Il arrive que des erreurs soient commises dans les pompes funèbres. C’est ce que leur reproche un livre récemment sorti et chroniqué dans un article précédent. Si l’erreur est un problème, est elle évitable ?
Argument en orbite
C’est un argument. Un commentaire, laissé sous un article de journal en ligne, qui a fait tomber votre serviteur de sa chaise. « Heureusement que les employés des pompes funèbres ne travaillent pas dans le spatial ou le nucléaire, imaginez les dégâts ».
Oui, heureusement, la personne a raison. Mais heureusement pour les familles, contrairement à ce qu’il pense. On pourrait en effet s’incliner en se disant que les pompes funèbres, c’est un métier, fait par des professionnels, et que, comme des métiers sensibles, comme les deux sus-cités, ils ne devraient pas faire d’erreur. C’est une vision simpliste, vue de l’extérieur.
Vous savez comment travaillent les gens dans le spatial ? Prenons un exemple tout bête : il y a une vis à remplacer sur un panneau. La vis a déjà été enlevée, et il faut en remettre une autre. Pour ce faire, vous vous dites : « simple, on envoie un gars avec un tournevis ». Pas du tout : on va envoyer trois techniciens formés et expérimentés.
Le premier technicien sera chargé de l’opération en elle-même : prendre la vis, visser. Le second Va avoir le cahier technique et va énumérer à voix haute les opérations les unes après les autres, que le premier devra valider, à voix haute également. Le troisième aura une fiche technique avec le détail des opérations, également, et pointera au fur et à mesure qu’il entendra et constatera que les opérations sont toutes faites, dans le bon ordre.

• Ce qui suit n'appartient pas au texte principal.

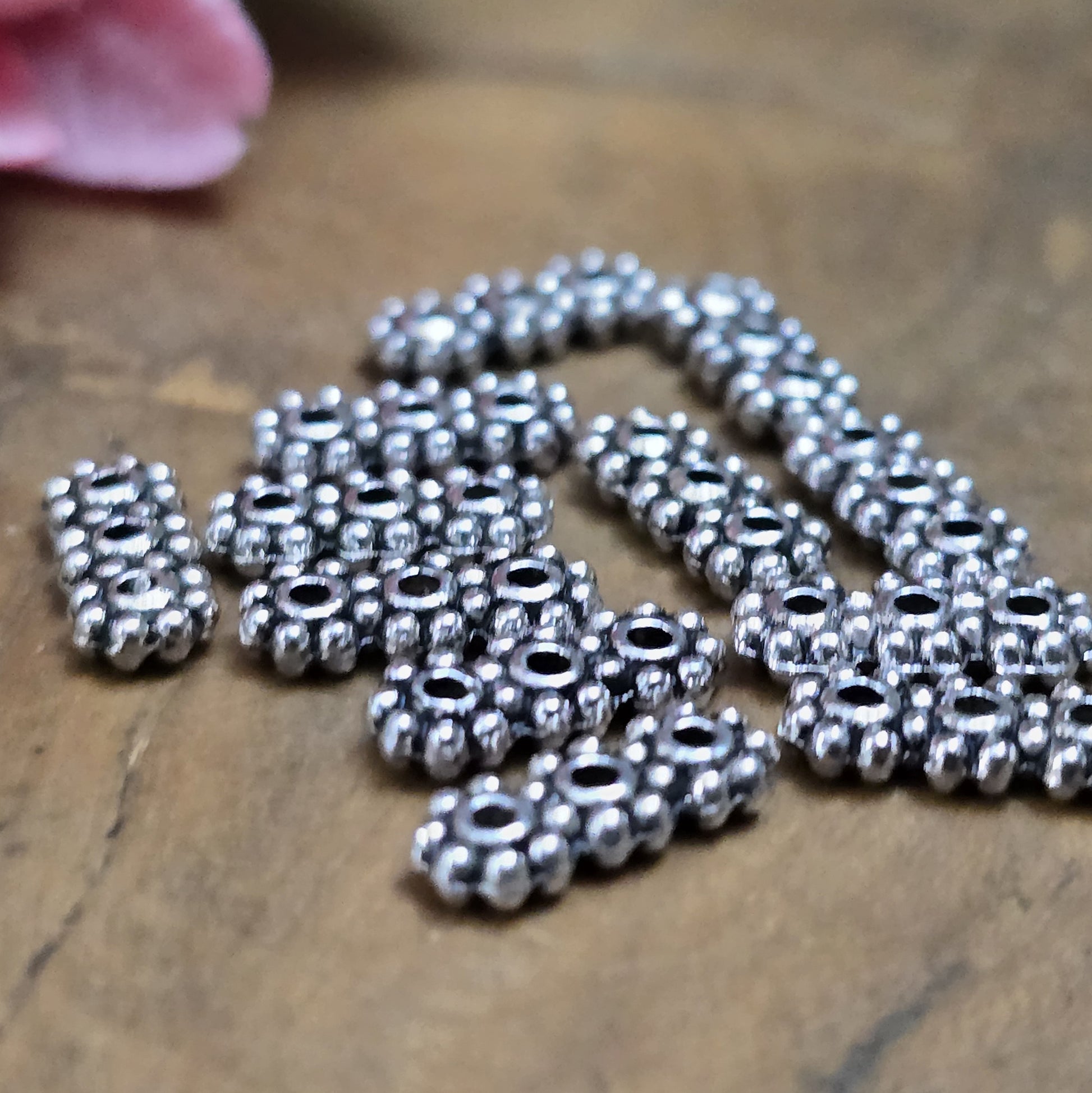 20 Stück 3-Loch-Spacer – Antiksilberfarben, Multistrang-Abstandhalter in Blumenform

Diese eleganten Trennstege sind ideal für die Gestaltung von Armbändern, Kropfbändern und anderen Schmuckstücken mit 3 Strängen. Sie halten die einzelnen Stränge sauber voneinander getrennt und verhindern ein Verheddern oder Verrutschen.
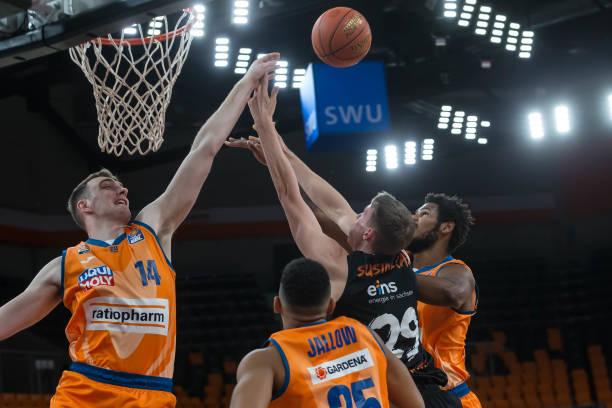 面对偏快偏 面对偏快偏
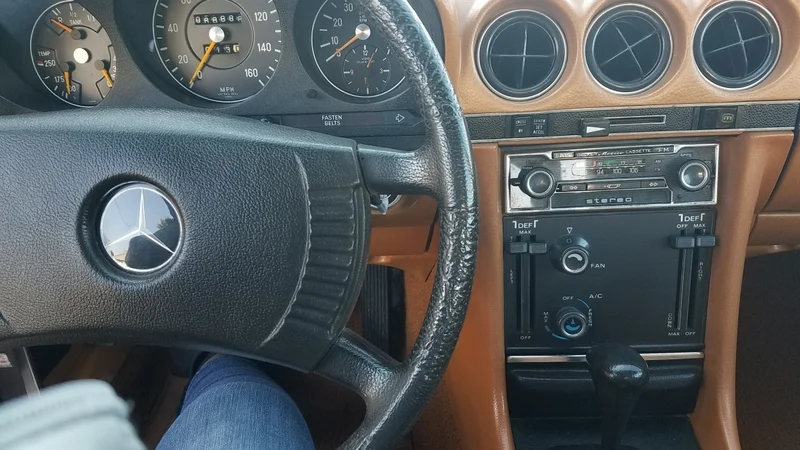 1975 Mercedes-Benz 450SL 3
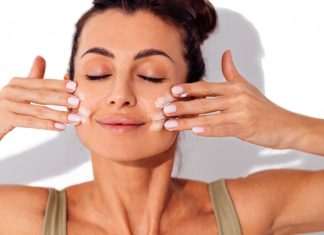 Najlepszy wygładzający krem to ten w dużej butelce. Bomba naszpikowana witaminą E za 24 zł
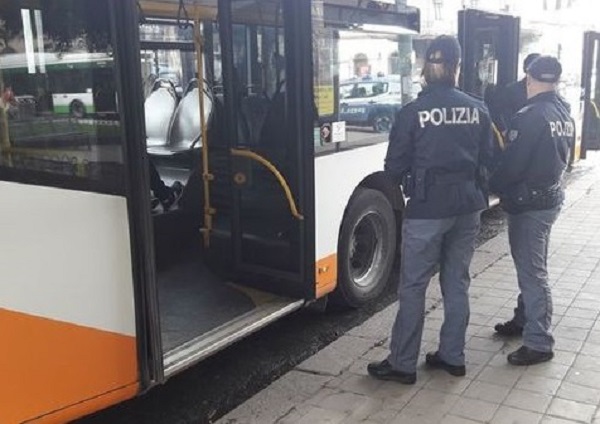 polizia autobus
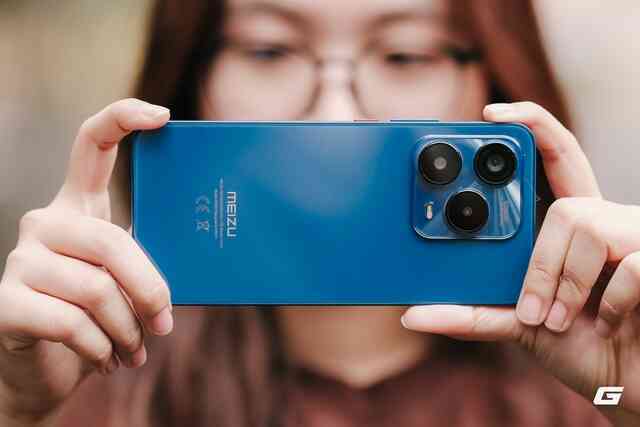 Trên tay điện thoại giá rẻ nhưng dùng "ngon" của Meizu: Mặt lưng kính, màn hình đẹp, giao diện mượt- Ảnh 2. Trên tay điện thoại giá rẻ nhưng dùng "ngon" của Meizu: Mặt lưng kính, màn hình đẹp, giao diện mượt- Ảnh 2.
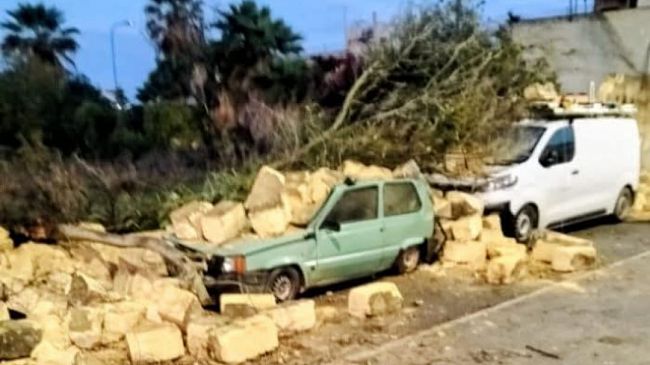 Mazara, tromba d'aria provoca diversi danni nella zona di via Salemi  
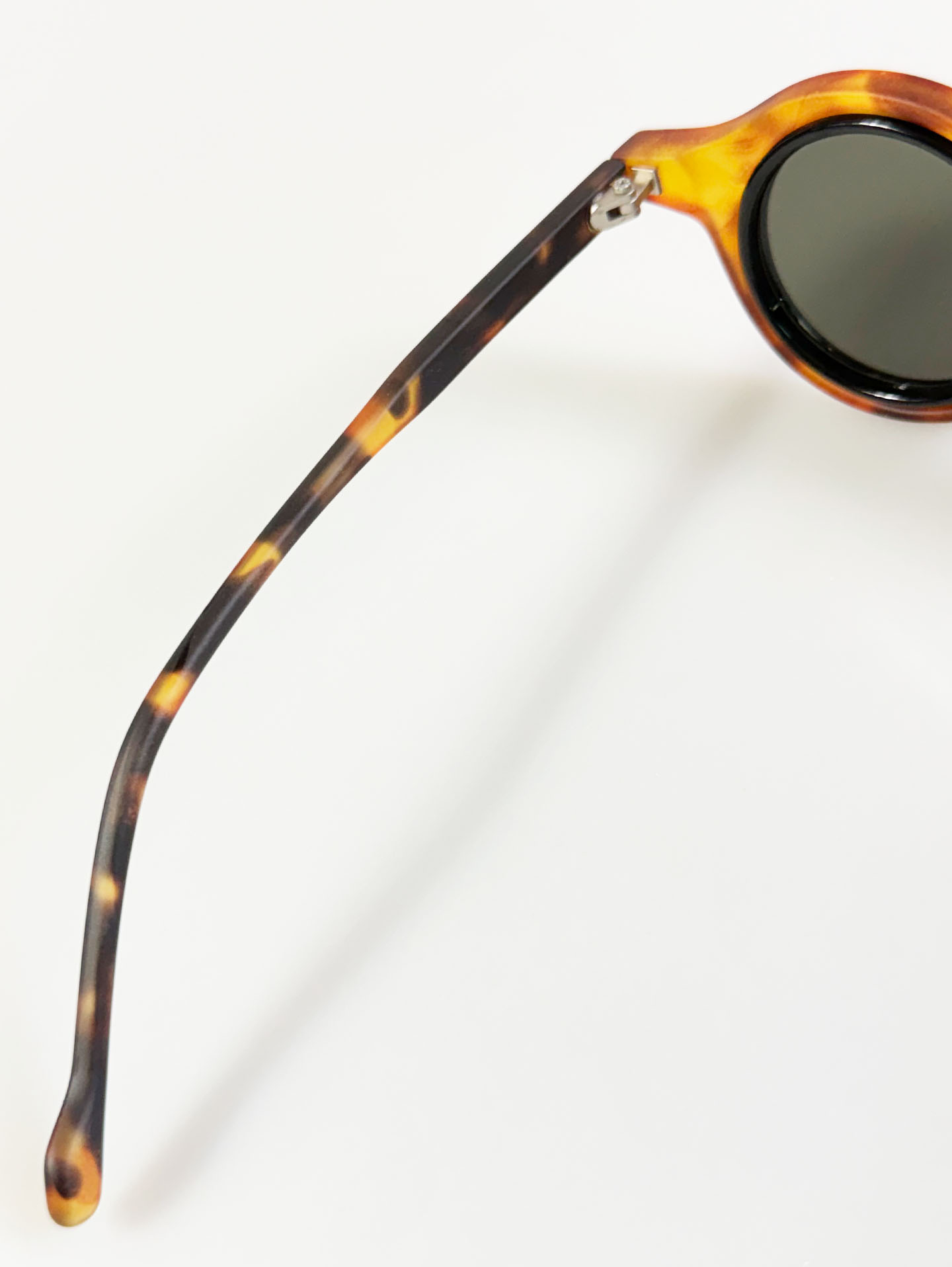 Matte Tortoiseshell Bold Round Frame Sunglasses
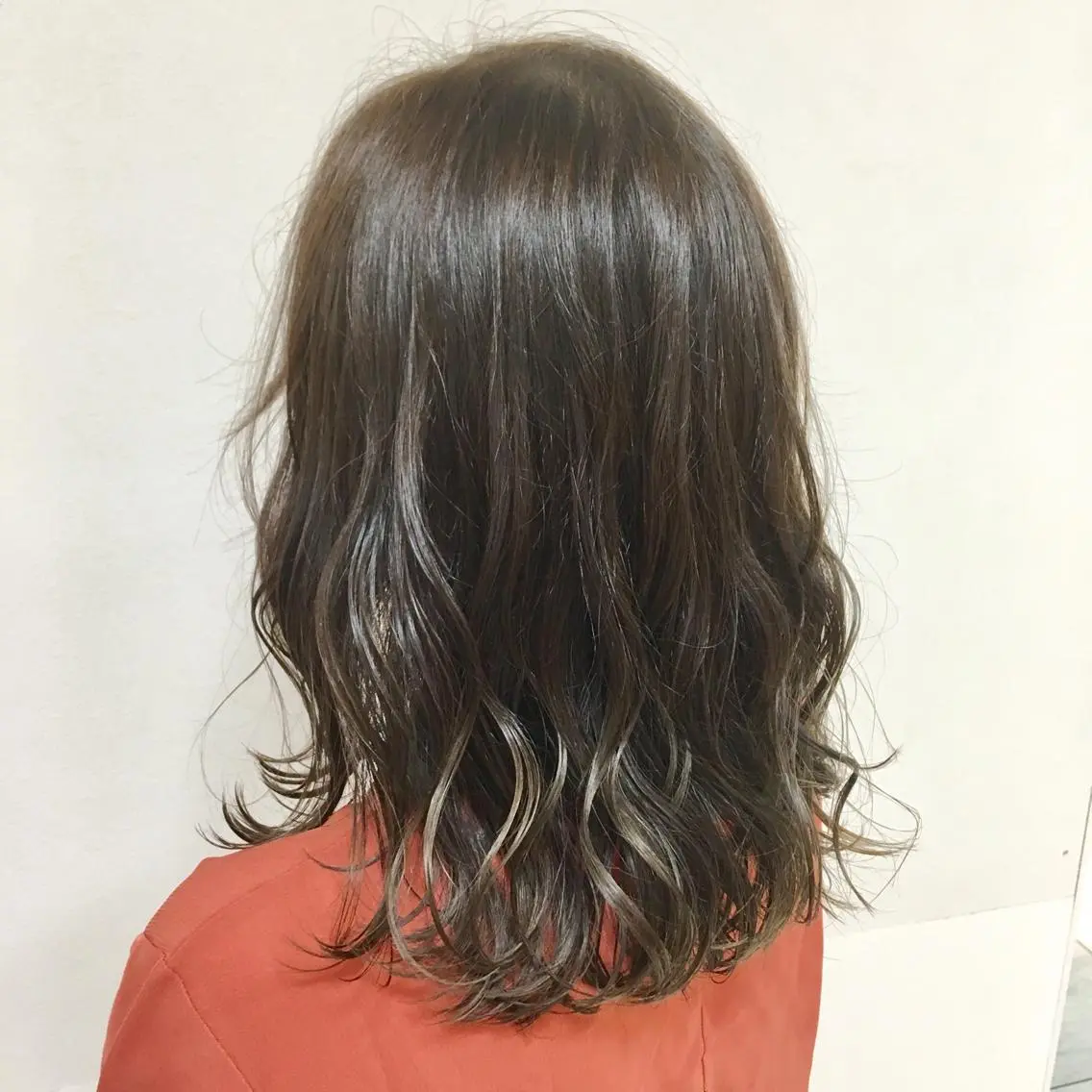 ミディアム カラー ヘアアレンジ ヘアカラー トリートメント 【Sweep】おじま のぞみのヘアスタイル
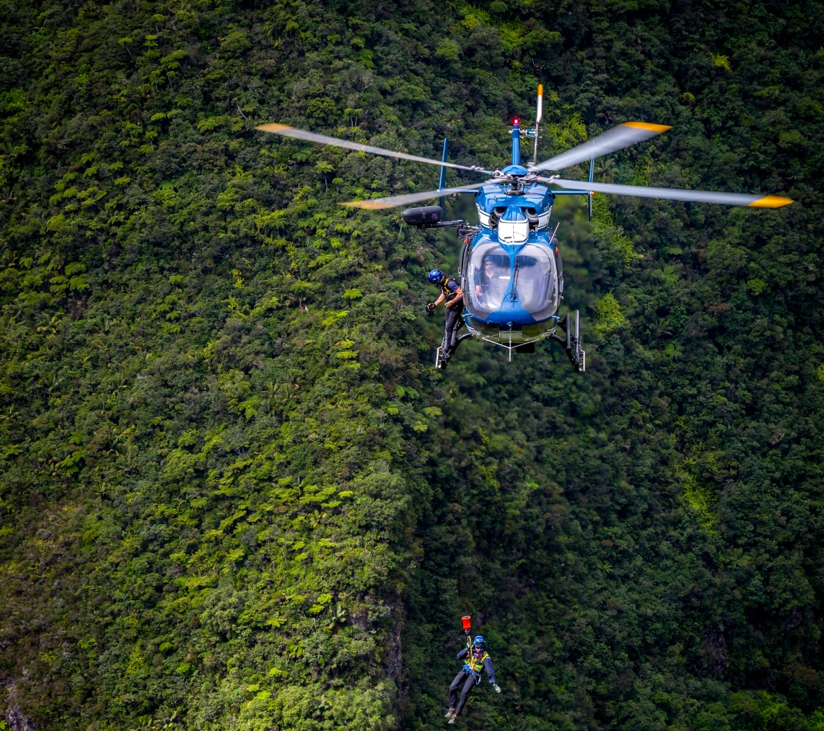 Secours en montagne : Pour récupérer son drone, il reste coincé dans le rempart du volcan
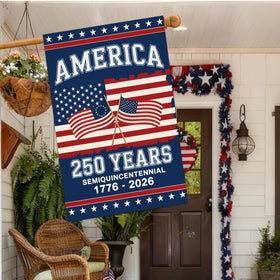 Baccessor USA patriotic flag shows double-sided print visible from any angle.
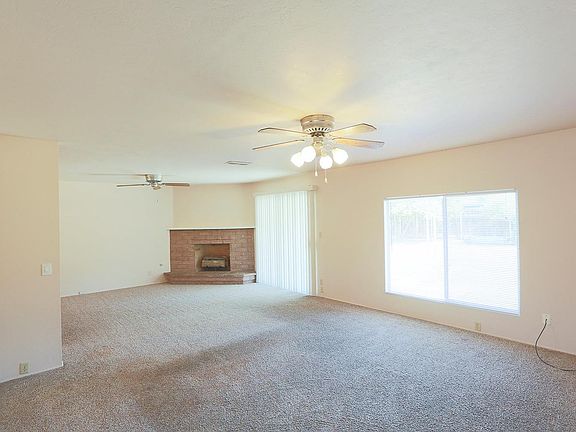 4th image of 2126 E Howard Ave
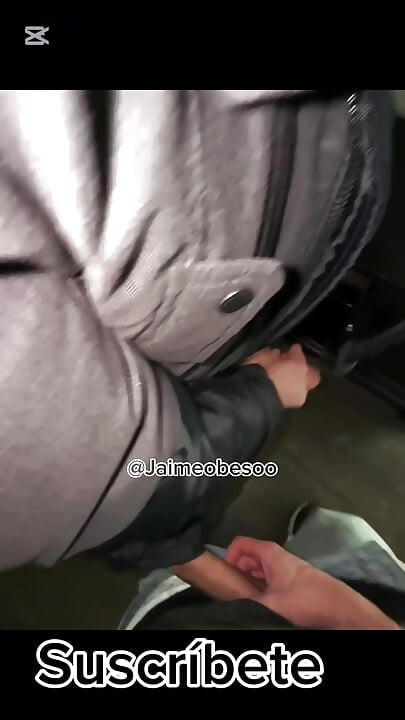 Jaime obese bana sakso çekmesi için elçiyi baştan çıkarıyorum ve sonra içine boşalıyor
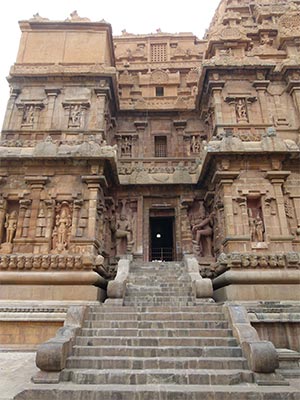 Tanjure Brahadiswara Temple Side View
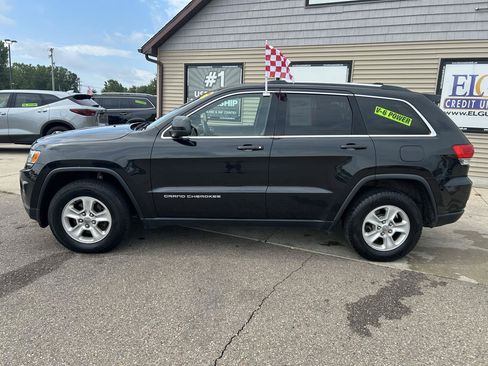 Used 2016 Jeep Grand Cherokee Laredo w/ Quick Order Package 23E AWD/4WD image 8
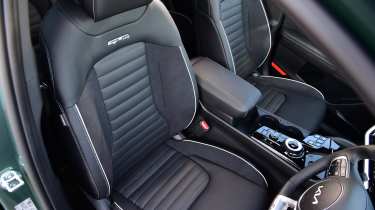 Kia Sportage - front seats 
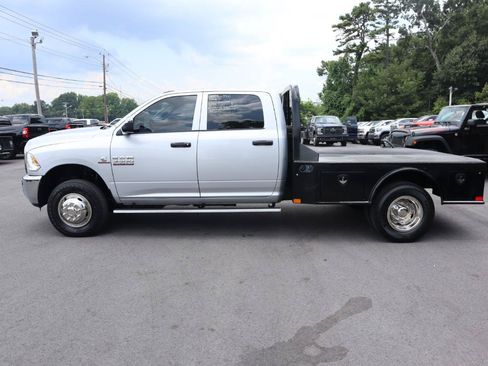 Used 2017 RAM 3500 Tradesman w/ Chrome Appearance Group AWD/4WD image 4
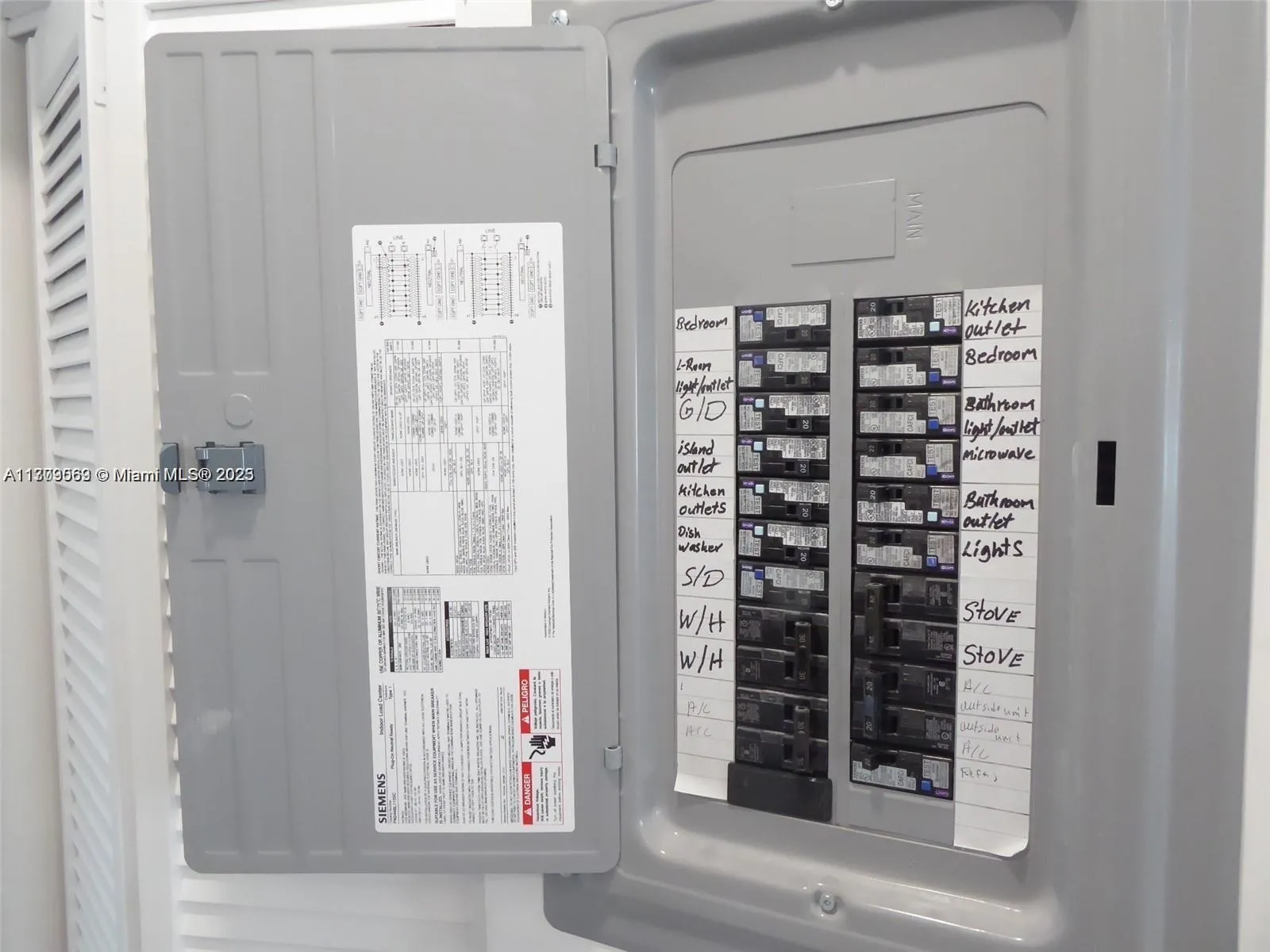 1000 7th St, Miami Beach, Florida 33139, Miami Beach, Florida 33139, ,Residential Income,For Sale,1000 7th St, Miami Beach, Florida 33139,A11703069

C’est pour ça que le spatial coûte si cher. Et pourtant, il y a des échecs. Personne n’a oublié le vol inaugural d’Ariane 5 où la fusée a activé son système d’autodestruction tout simplement parce qu’une mise à jour logicielle avait été oubliée. La fusée pensait faire trois mètres de moins qu’elle ne le faisait réellement et ne comprenait pas sa vitesse.
Ne parlons même pas du nucléaire : ce ne sont plus plusieurs employés qui vont vérifier le travail les uns des autres, ce sont des équipes entières. Avec, de plus, des alarmes partout, en redondance, toutes branchées sur des circuits différents en cas de panne. Ce qui s’est passé à Tchernobyl est directement lié à cela, un individu sans contrôle disposant d’une autorité et pouvant forcer par la menace une équipe à le suivre dans l’erreur malgré les alarmes. Ce qui est impossible ailleurs que dans une dictature.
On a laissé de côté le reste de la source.